Assuming `books.xml` from Section 1.
# transform_books.xsl
<?xml version="1.0" encoding="UTF-8"?>
<xsl:stylesheet version="1.0" xmlns:xsl="http://www.w3.org/1999/XSL/Transform">
<xsl:template match="/catalog">
<html>
<head>
<title>My Book Catalog</title>
<style>
table { width: 100%; border-collapse: collapse; }
th, td { border: 1px solid #ddd; padding: 8px; text-align: left; }
th { background-color: #f2f2f2; }
</style>
</head>
<body>
<h1>Our Books</h1>
<table>
<tr>
<th>Title</th>
<th>Author</th>
<th>Genre</th>
<th>Price</th>
</tr>
<xsl:for-each select="book">
<tr>
<td><xsl:value-of select="title"/></td>
<td><xsl:value-of select="author"/></td>
<td><xsl:value-of select="genre"/></td>
<td><xsl:value-of select="price"/></td>
</tr>
</xsl:for-each>
</table>
</body>
</html>
</xsl:template>
</xsl:stylesheet>
To perform the transformation, you need an XSLT processor (e.g., `xsltproc` on Linux, or libraries in programming languages).

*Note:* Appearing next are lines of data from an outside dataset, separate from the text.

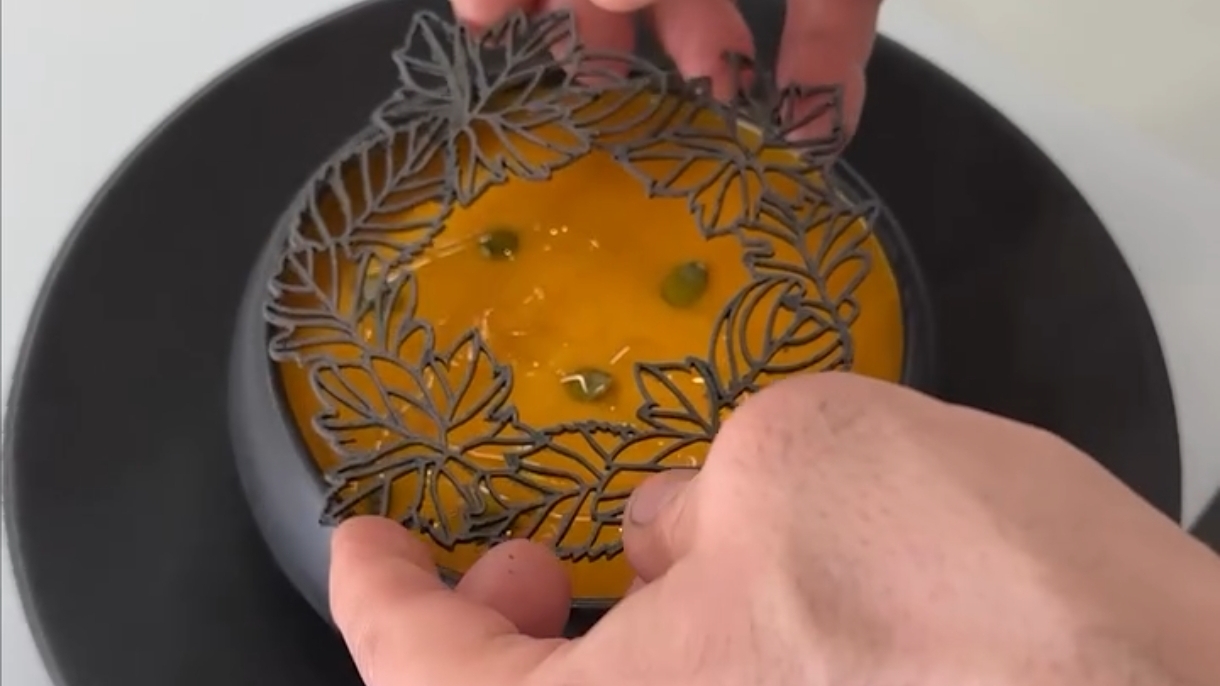 Тыквенный крем-суп 😋
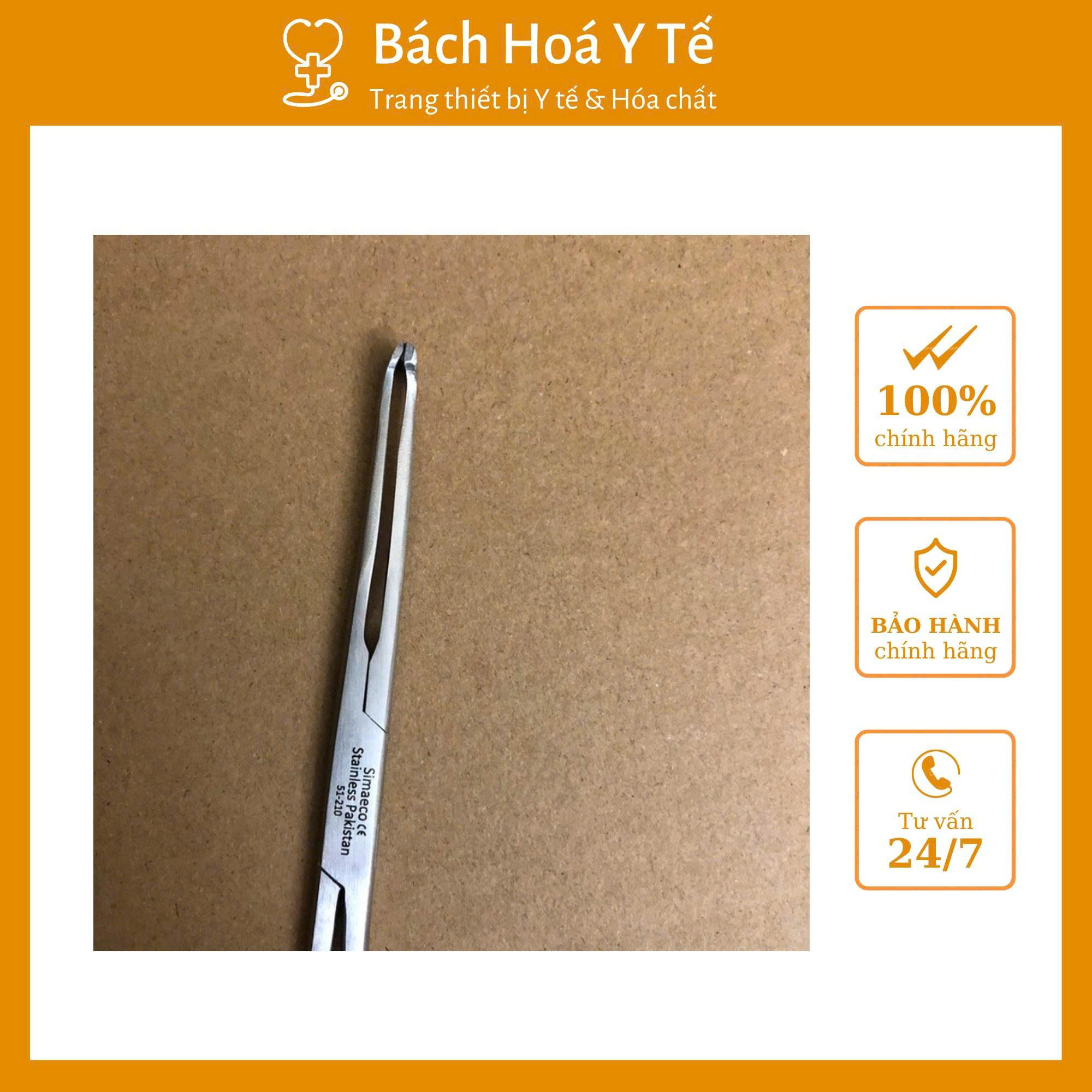 Kẹp răng chuột 20 cm, xuất xứ Pakistan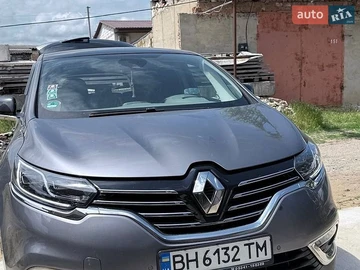 Авто Renault Espace 2015 № 8872318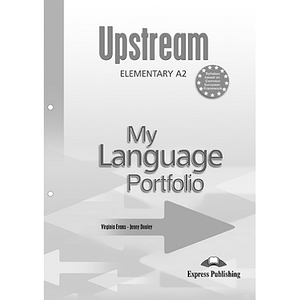 Портфоліо Upstream Elementary My language portfolio
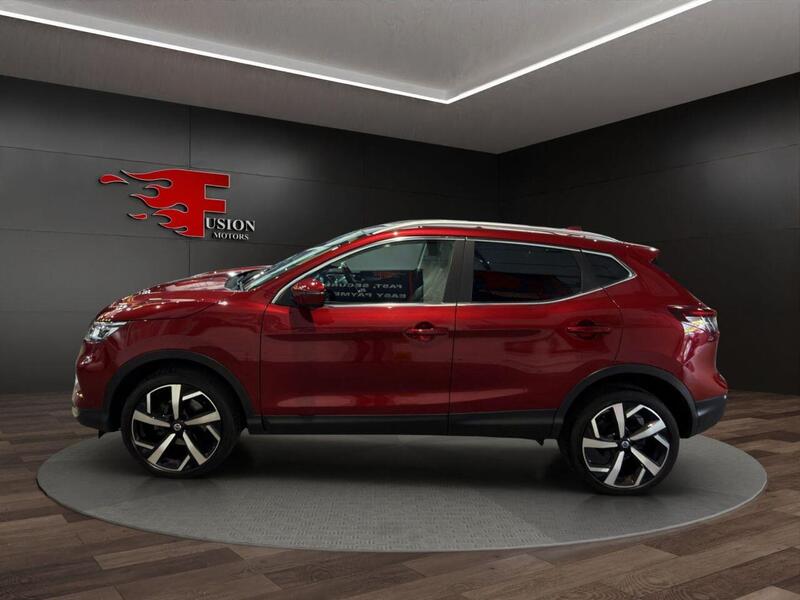 Nissan Qashqai view 6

# Using xsltproc (Linux/macOS)
xsltproc transform_books.xsl books.xml > output.html
# Open output.html in a browser to see the HTML table.
A language for finding information in an XML document. It's used by XSLT to navigate XML and also directly by programming languages to select parts of an XML document.
# XPath Examples (on the 'catalog' XML from Section 1):
/catalog/book # Selects all <book> elements that are children of <catalog>.
/catalog/book/title # Selects all <title> elements that are children of <book> elements, which are children of <catalog>.
/catalog/book[1] # Selects the first <book> element.
/catalog/book[last()] # Selects the last <book> element.
/catalog/book[@id] # Selects all <book> elements that have an 'id' attribute.
/catalog/book[@id='bk101'] # Selects the <book> element with id='bk101'.
//title # Selects all <title> elements anywhere in the document.
//book[price > 10] # Selects all <book> elements where the child <price> is greater than 10.
/catalog/book/description/text() # Selects the text content of <description> element.
A W3C language designed to query XML data. It is more powerful than XPath, allowing for more complex data manipulation and transformation.
# XQuery Example (on the 'catalog' XML from Section 1):
FOR $book IN doc("books.xml")/catalog/book
WHERE $book/price > 10
ORDER BY $book/title
RETURN <expensive_book>
{$book/title}
{$book/author}
{$book/price}
</expensive_book>
This query would return a new XML document containing only the books with a price greater than 10, ordered by title, and formatted into `<expensive_book>` elements.
While JSON has become more prevalent for web APIs due to its simplicity, XML still plays a significant role in many enterprise, legacy, and domain-specific applications.
XML is a powerful and versatile language for structuring, storing, and transporting data. While its use in new web APIs has diminished in favor of JSON, its role in enterprise systems, document formats, and web services remains significant. Mastering XML syntax, understanding its validation mechanisms (schemas), and learning how to parse and transform it will provide you with a fundamental skill set for many data-centric applications.